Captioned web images
+--
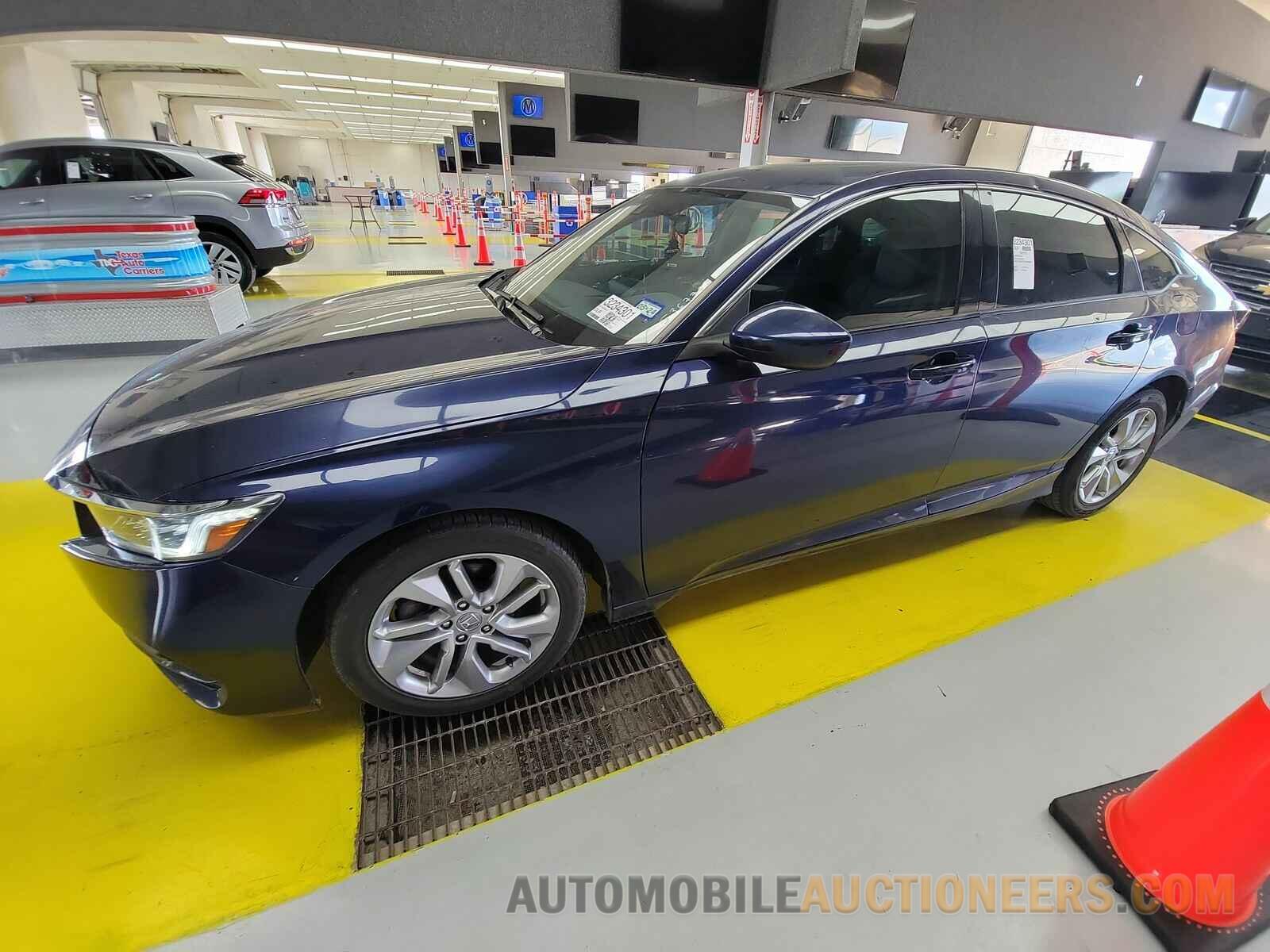 1HGCV1F17KA000810 Honda Accord Sedan 2019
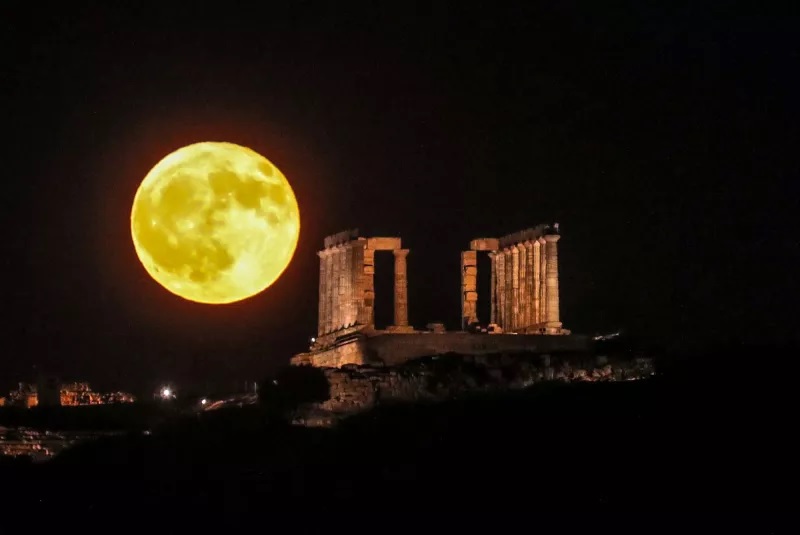Φωτεινή Αυγουστιάτικη Πανσέληνος στον ουρανό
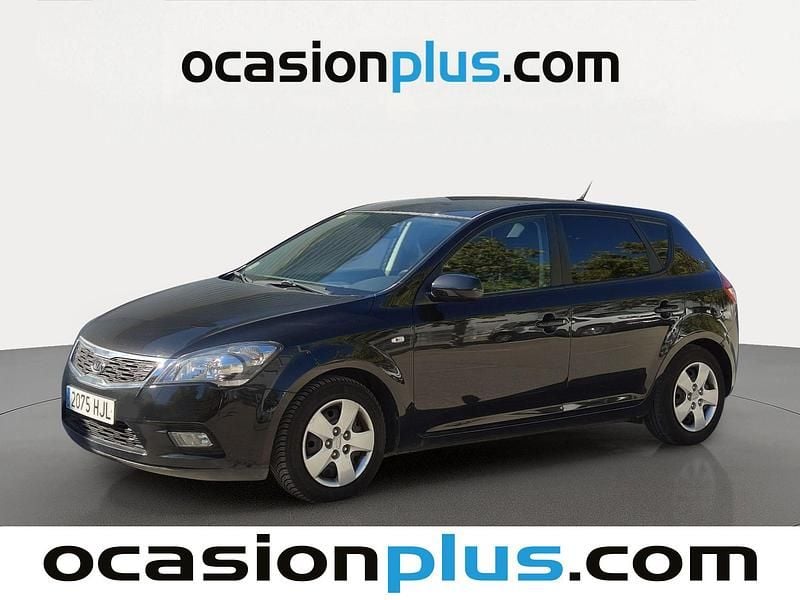 Negro Usado 2012 Kia Ceed Plus Utilitario | 7800 € (Buen precio) - Imagen 1/4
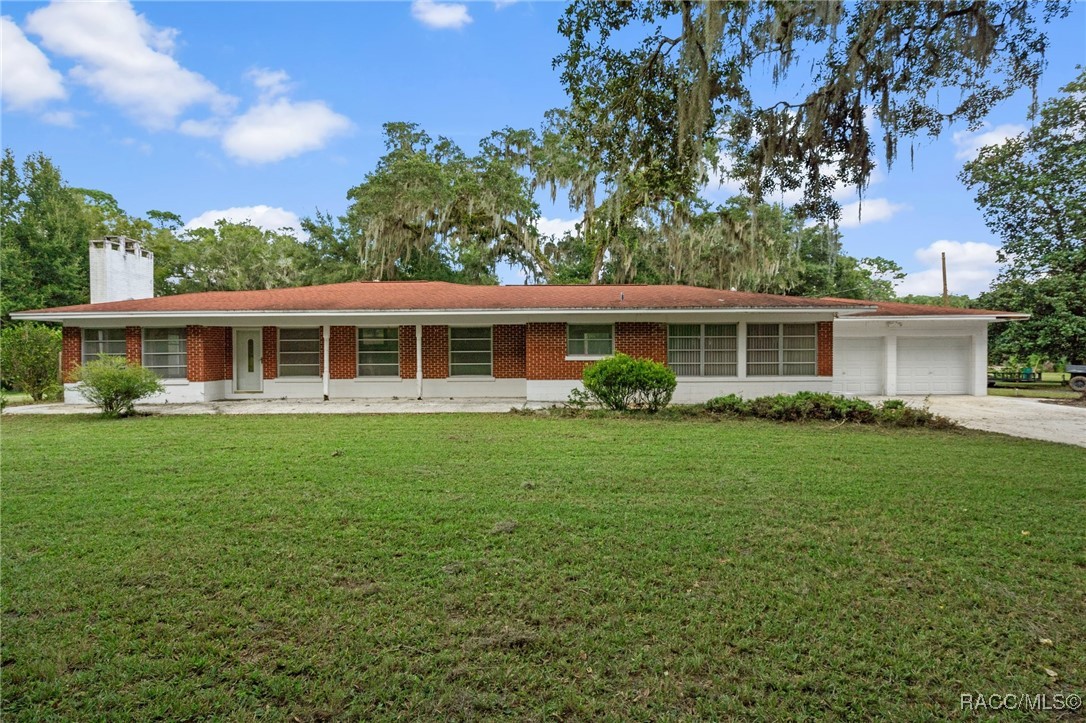 9722 E Lazy Oak Drive, Floral City, Florida image 1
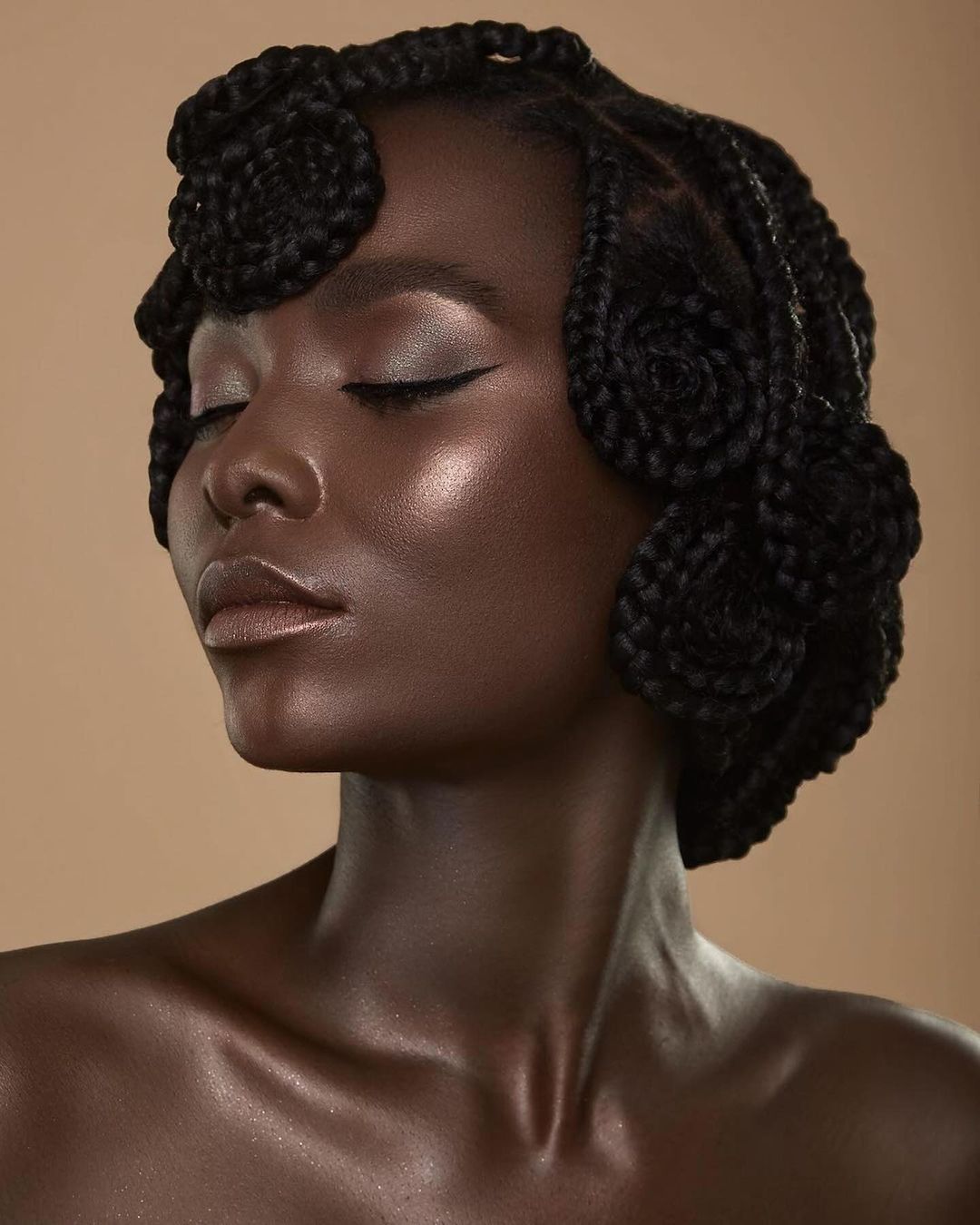 coiffure-afro-tendance-instrument-politique-setalmaa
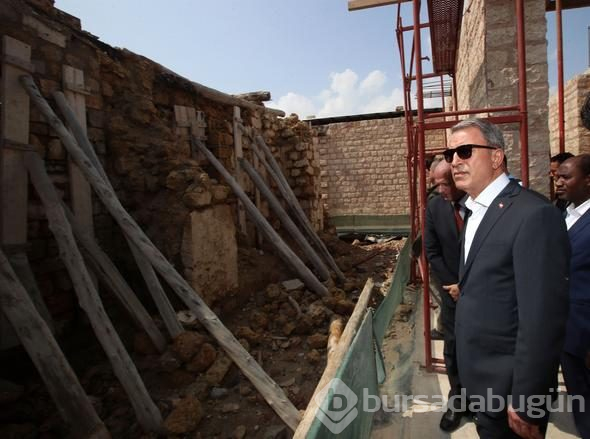Hulusi Akar Sevakin Adası'nda
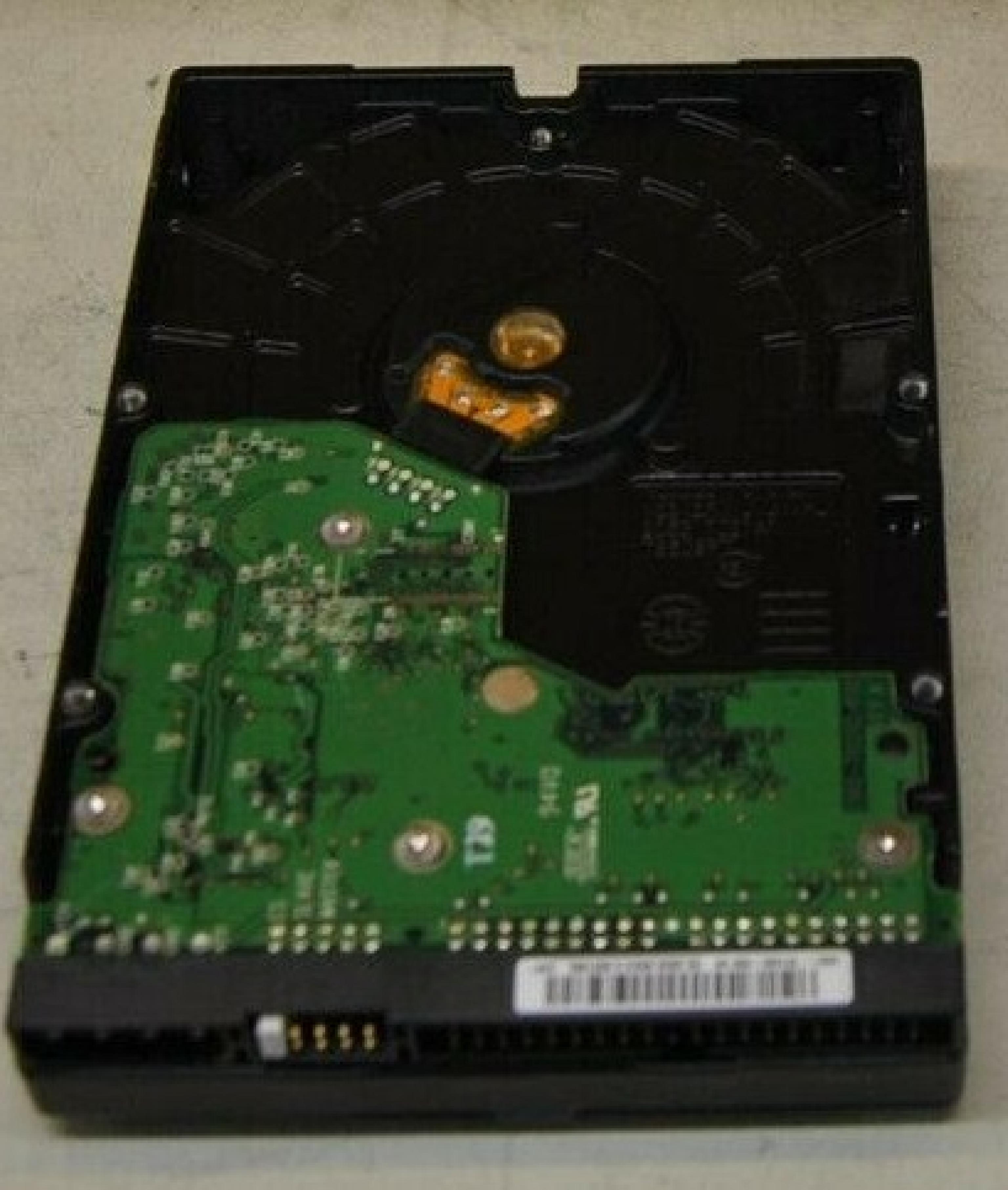 WESTERN DIGITAL / WD 0F1708 40GB SATA HD DATE 08 JAN 2005 DCM HSCHYTJCH REV A00 CAVIAR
+--
Reproduce each entry exactly as written, but leave out the images.

### Completed exercise
 1HGCV1F17KA000810 Honda Accord Sedan 2019
Φωτεινή Αυγουστιάτικη Πανσέληνος στον ουρανό
 Negro Usado 2012 Kia Ceed Plus Utilitario | 7800 € (Buen precio) - Imagen 1/4
 9722 E Lazy Oak Drive, Floral City, Florida image 1
 coiffure-afro-tendance-instrument-politique-setalmaa
Hulusi Akar Sevakin Adası'nda
 WESTERN DIGITAL / WD 0F1708 40GB SATA HD DATE 08 JAN 2005 DCM HSCHYTJCH REV A00 CAVIAR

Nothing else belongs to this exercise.